WHEREAS, the Fund is an open-end management investment company registered under
the Investment Company Act of 1940 (the "1940 Act"), presently offering shares
in separate series and classes as listed in Appendix A attached hereto; and
WHEREAS, the Fund desires to appoint ALPS as its transfer agent, dividend
disbursing agent and agent in connection with certain other activities as set
forth herein (collectively "Shareholder and Record-Keeping Services") and ALPS
desires to accept such appointment;
NOW, THEREFORE, in consideration of the mutual covenants herein contained, the
parties hereto agree as follows:
1. TERMS OF APPOINTMENT; DUTIES
1.1 Transfer Agency Services. Subject to the terms and conditions set forth in
this Agreement, the Fund hereby employs and appoints ALPS to act as, and
ALPS agrees to act as, the transfer agent for the Fund's authorized and
issued shares of beneficial interest, and the dividend disbursing agent. As
used herein, the term "Shares" means the authorized and issued shares of
common stock, or shares of beneficial interest, as the case may be, for the
Fund. ALPS agrees that it will perform the following Shareholder and
Record-Keeping services:
(a) ALPS shall:
(i) Receive for acceptance orders for the purchase of Shares, and
promptly deliver payment and appropriate documentation thereof to the
Custodian of the Fund authorized by the Board of Directors of the Fund
(the "Custodian");
(ii) Pursuant to purchase orders, issue the appropriate number of
Shares and hold such Shares in the appropriate Shareholder accounts;
(iii) Receive for acceptance redemption requests and redemption
directions and deliver the appropriate documentation thereof to the
Custodian;
(iv) In respect to the transactions in items (i) (ii) and (iii) above,
ALPS shall execute transactions directly with broker-dealers,
investment advisers and other institutions acting on behalf of
investors authorized by the Fund who shall thereby be deemed to be
acting on behalf of the Fund;
1
(v) When it receives monies paid to it by the Custodian with respect
to any redemption, pay or cause to be paid in the appropriate manner
such monies as instructed by the redeeming Shareholders;
(vi) Prepare and transmit payments (or where appropriate credit the
account of a shareholder of the Fund ("Shareholder")) for dividends
and distributions declared by the Fund;
(vii) Maintain records of, account for and advise the Fund and its
Shareholders as to the foregoing; and
(viii) Record the issuance of Shares of the Fund and maintain pursuant
to SEC Rule 17Ad-10(e) a record of the total number of Shares of the
Fund which are authorized, based upon data provided to it by the Fund,
and issued and outstanding. ALPS shall also provide the Fund on a
regular basis with the total number of Shares which are authorized and
issued and outstanding and shall have no obligation, when recording
the issuance of Shares, to monitor the issuance of such Shares or to
take cognizance of any laws relating to the issue or sale of such
Shares, which functions shall be the sole responsibility of the Fund.

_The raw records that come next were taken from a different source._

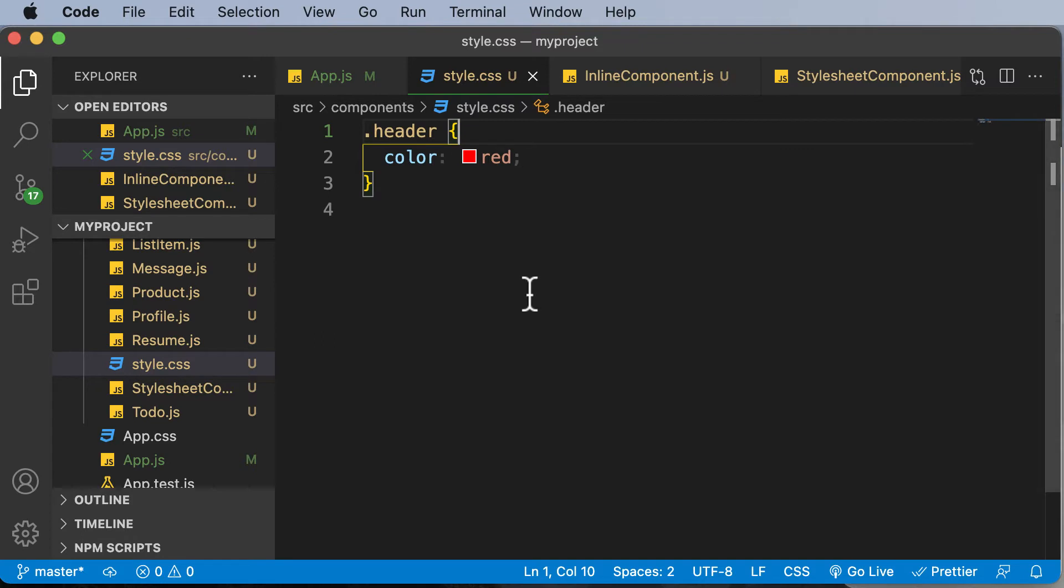So the question is, how exactly to create a CSS module? Whenever you have to create CSS modules in React, the very first thing which you do is that you name that particular module with a dot module dot CSS extension.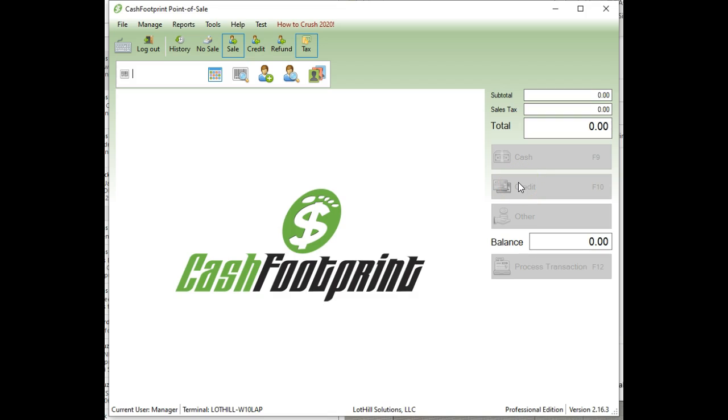Hey Aaron, this is James with Lothill Solutions. I'm going to go over your question regarding the printer setup for your Canon printer. I googled that and it looks like it's a full page printer, so you're going to want to use the invoice style or full page receipt.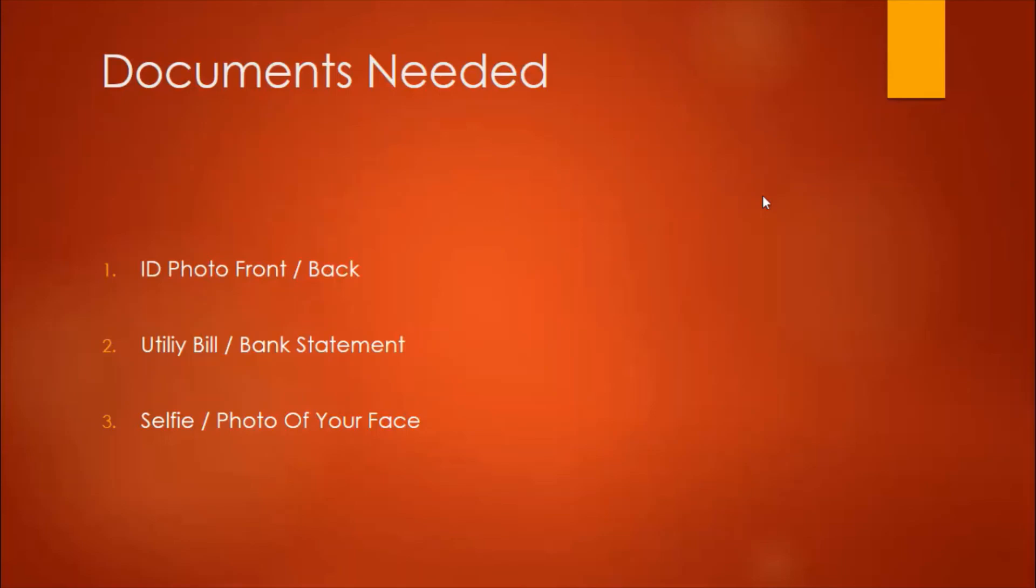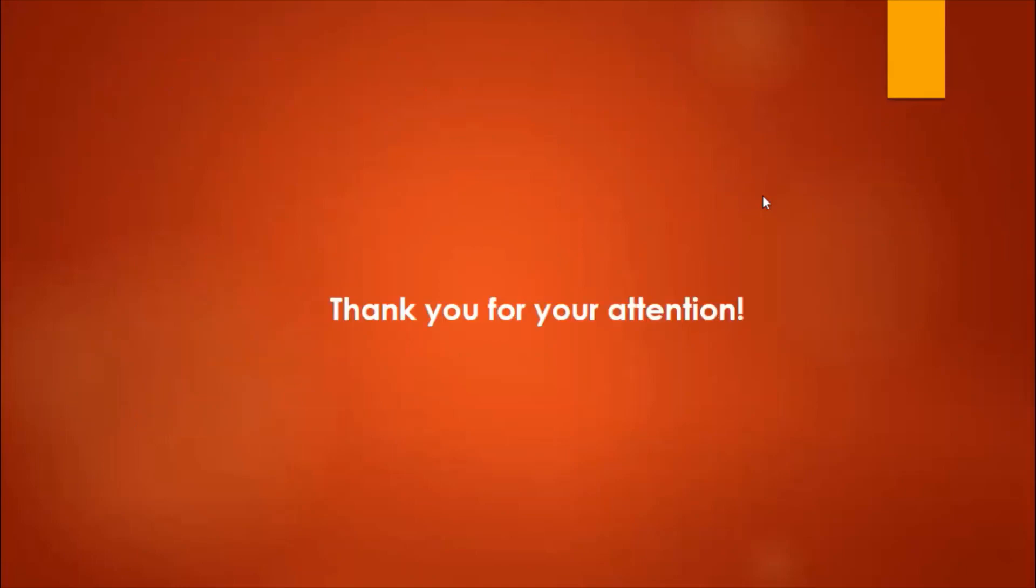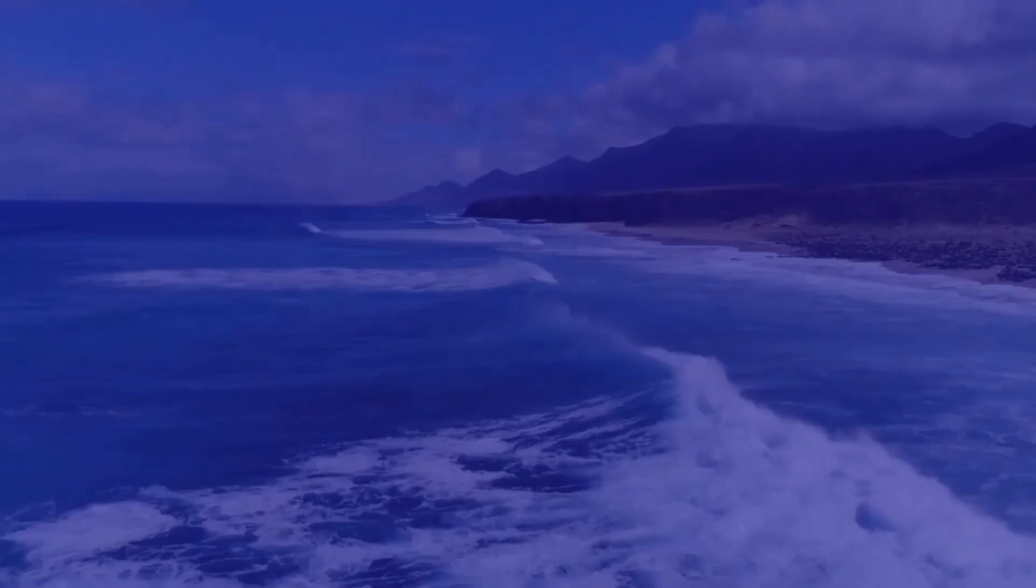You should prepare these documents ahead before actually going into this. Thank you very much for your attention and we look forward to seeing you in the next lecture.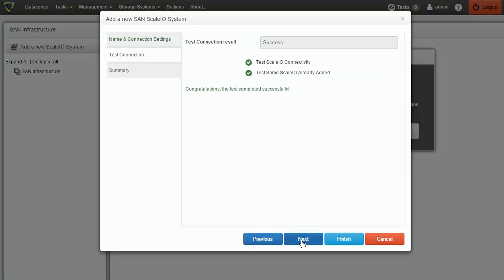On the next page, a test connection for the Scale I.O. System is executed, and if successful, we can proceed.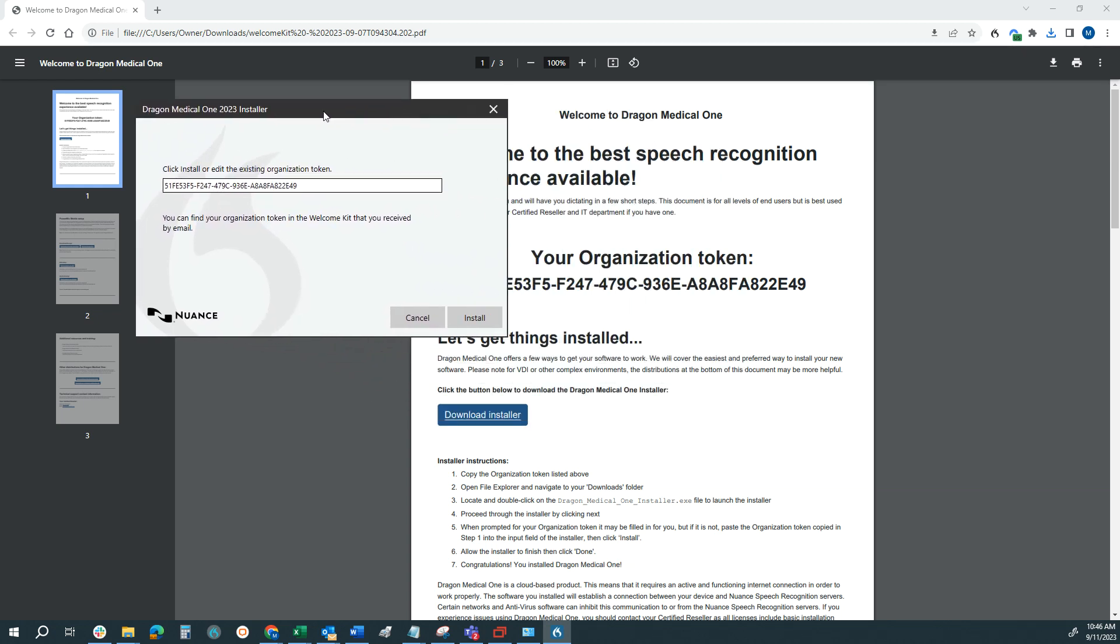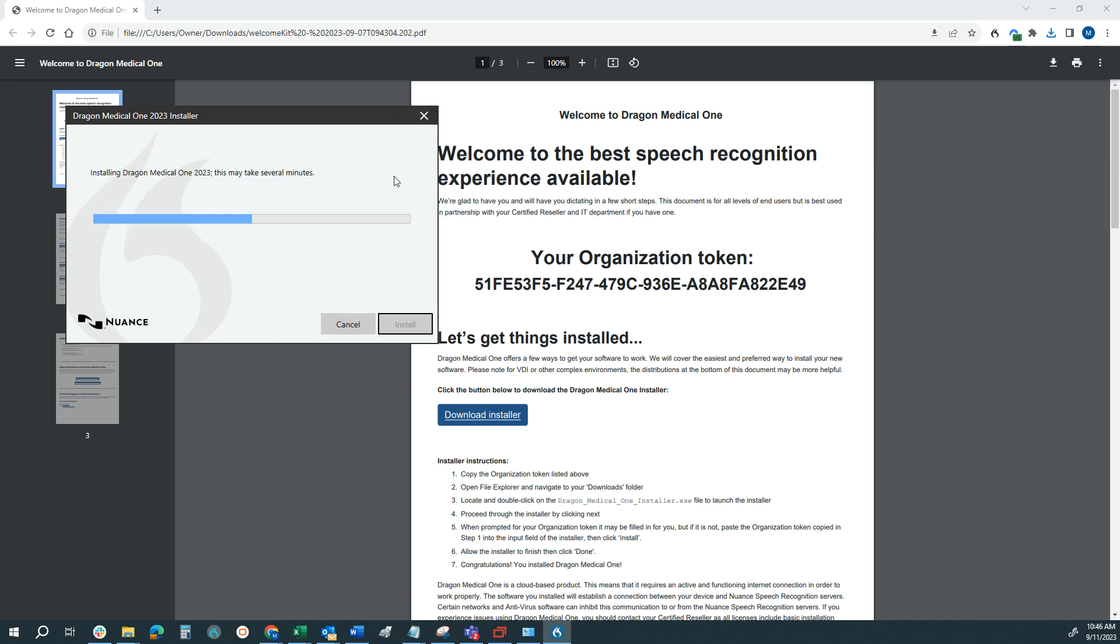Now, it's going to ask you for your organization token. That's found in the email that was sent to you or in the PDF. We're going to copy and paste that in here. One thing to be aware of: if you paste this and there is a space after the last character, you'll notice how Install is grayed out. Make sure we don't have any additional white space at the end of the last character. We'll go ahead and click Install here.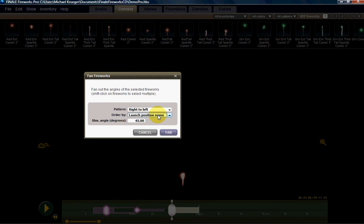And we're going to fan this from right to left. And we're going to have a maximum angle that they will shoot from this launch position either to the right or to the left of 45 degrees. So if I hit fan now,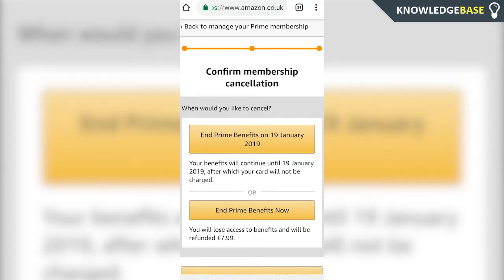If you're on the trial, you won't be given the option to be refunded your money because you haven't paid anything for the trial anyway. All that's going to happen is you click 'End Benefits' and they'll just end at the end of the trial. That's how you cancel your Amazon Prime membership on Android.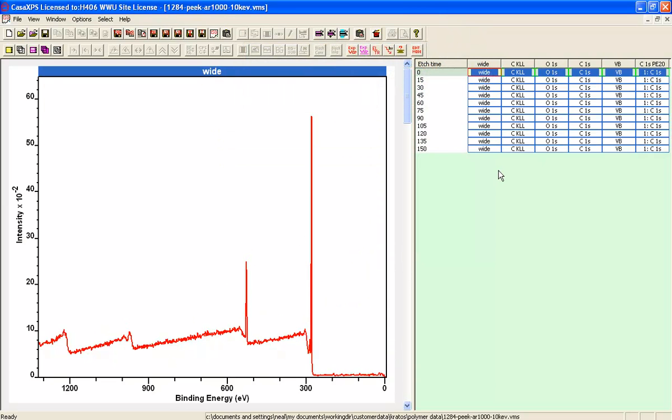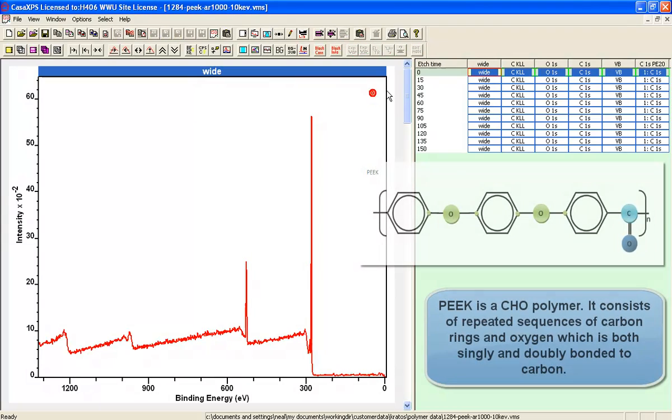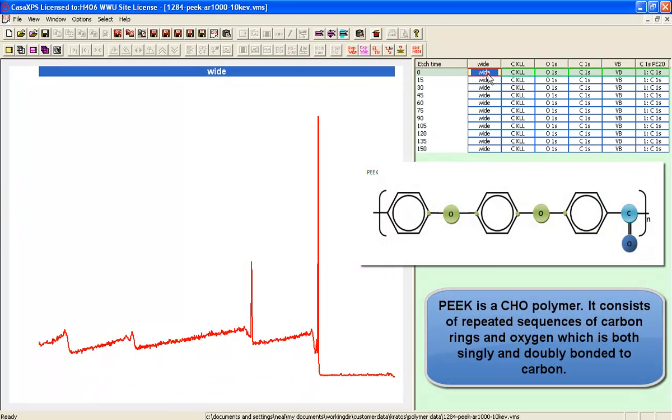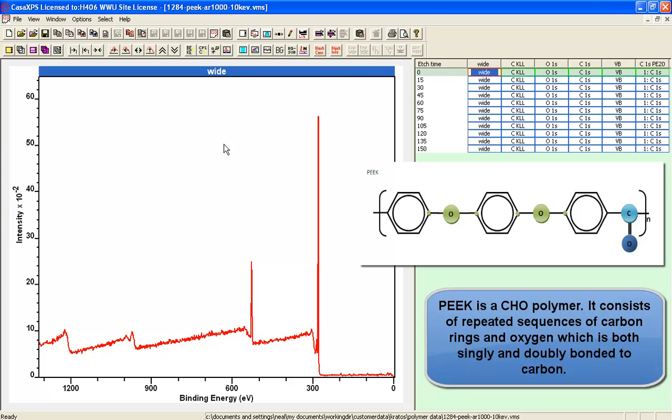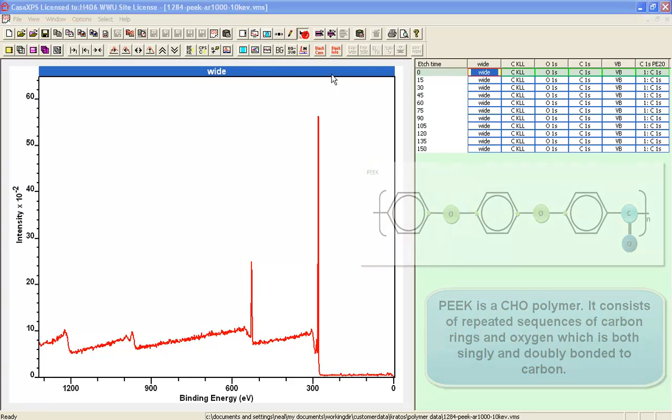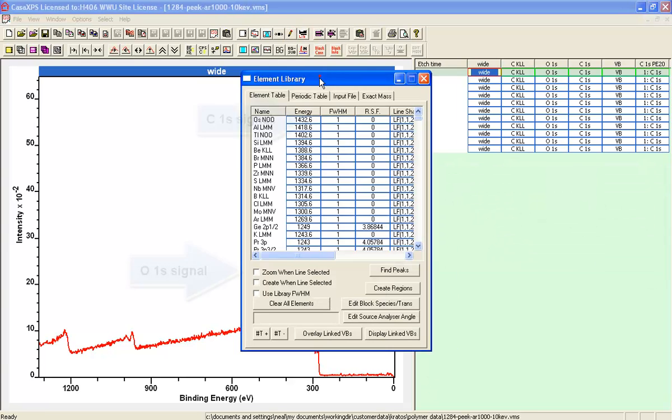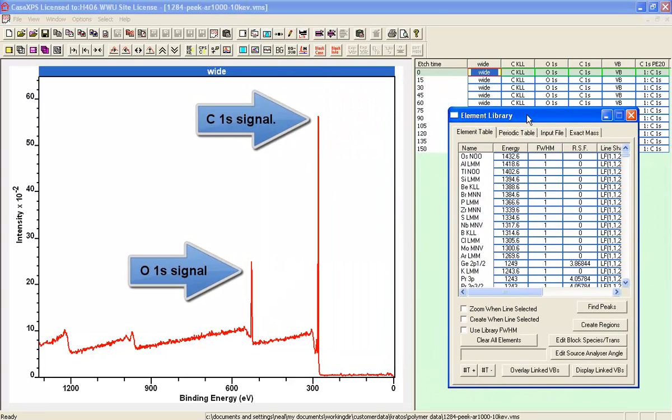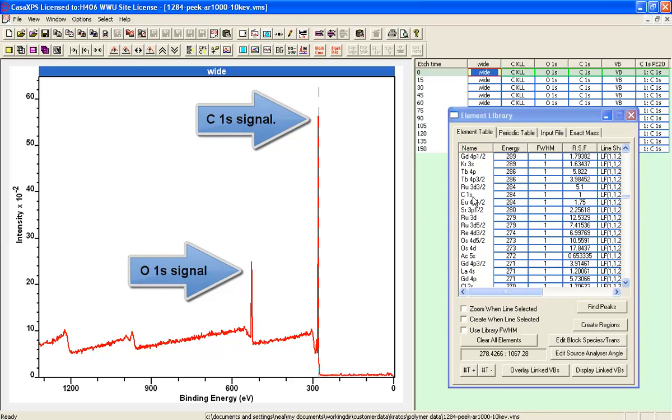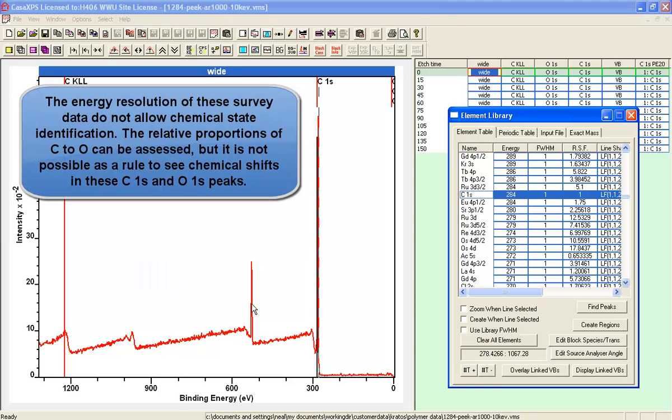We're also doing more bookkeeping where we are assigning the correct pass energy for the different measurements. The survey was done at 160, the Auger oxygen carbon 1s and valence band at 40 pass energy, and one additional carbon 1s at pass energy 20.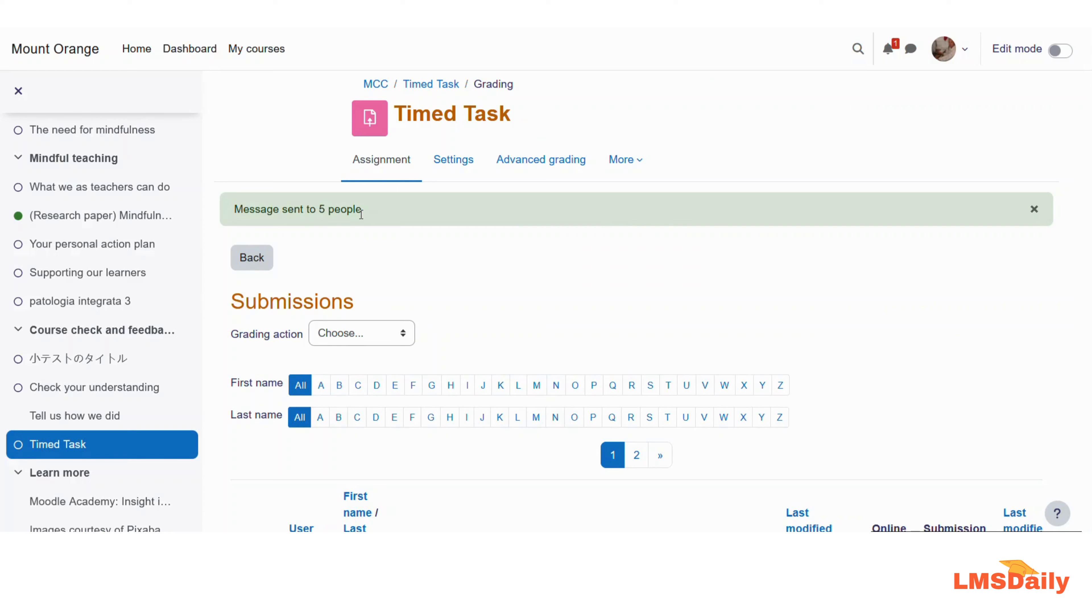Thank you very much for watching this video. If you like this video, please don't forget to click the subscribe button as well as press the bell icon if you have not yet done so. Thank you very much for watching.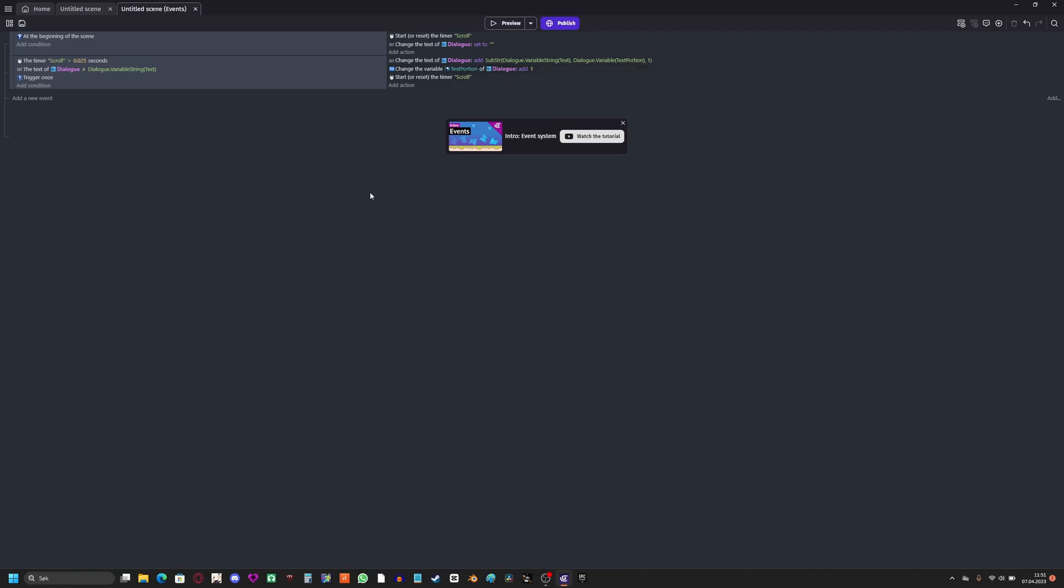And here it just adds one to the text portion. After I've done text zero, it goes to, after I've done typed in character zero, it goes to character one, and then like that. And then I just reset the timer scroll and this repeats itself. It looks like this.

1.2 Additional Services. In addition to, and neither in lieu nor in
contravention of, the services set forth in the above paragraph, ALPS shall
perform the following services:
(a) Other Customary Services. Perform the customary services of a transfer
agent, dividend disbursing agent and, as relevant, agent in connection
with accumulation, open-account or similar plans (including without
limitation any periodic investment plan or periodic withdrawal
program), including but not limited to: maintaining all Shareholder
accounts, preparing Shareholder meeting lists, mailing Shareholder
proxies, mailing Shareholder reports and prospectuses to current
Shareholders, withholding taxes on U.S. resident and non-resident
alien accounts and maintaining records with respect to such
withholding, preparing and filing U.S. Treasury Department Forms 1099
and other appropriate forms required with respect to dividends and
distributions by federal authorities for all taxable Shareholders,
preparing and mailing confirmation forms and statements of account to
Shareholders for all purchases and redemptions of Shares and other
confirmable transactions in Shareholder accounts, preparing and
mailing activity statements for Shareholders, and providing
Shareholder account information.
(b) Control Book. Maintain a daily record of all transactions, including
receipts and disbursements of money and securities, and make available
to the Fund a copy of such report on the next business day following
the request;
(c) "Blue Sky" Reporting. The Fund or its agent who provides blue sky
services shall (i) identify to ALPS in writing those transactions and
assets to be treated as exempt from blue sky reporting for each State
2
and (ii) verify the establishment of transactions for each State on
the system prior to activation and thereafter monitor the daily
activity for each State. The responsibility of ALPS for the Fund's
blue sky State registration status under this Agreement is solely
limited to the initial establishment of transactions subject to blue
sky compliance by the Fund and providing a system which will enable
the Fund to monitor the total number of Shares sold in each State;
(d) New Procedures. New procedures as to whom shall provide certain of
these services in Section 1 may be established from time to time by
agreement between the Fund and ALPS. With the Fund's prior approval,
ALPS may at times perform only a portion of these services and the
Fund or its agent may perform these services on the Fund's behalf.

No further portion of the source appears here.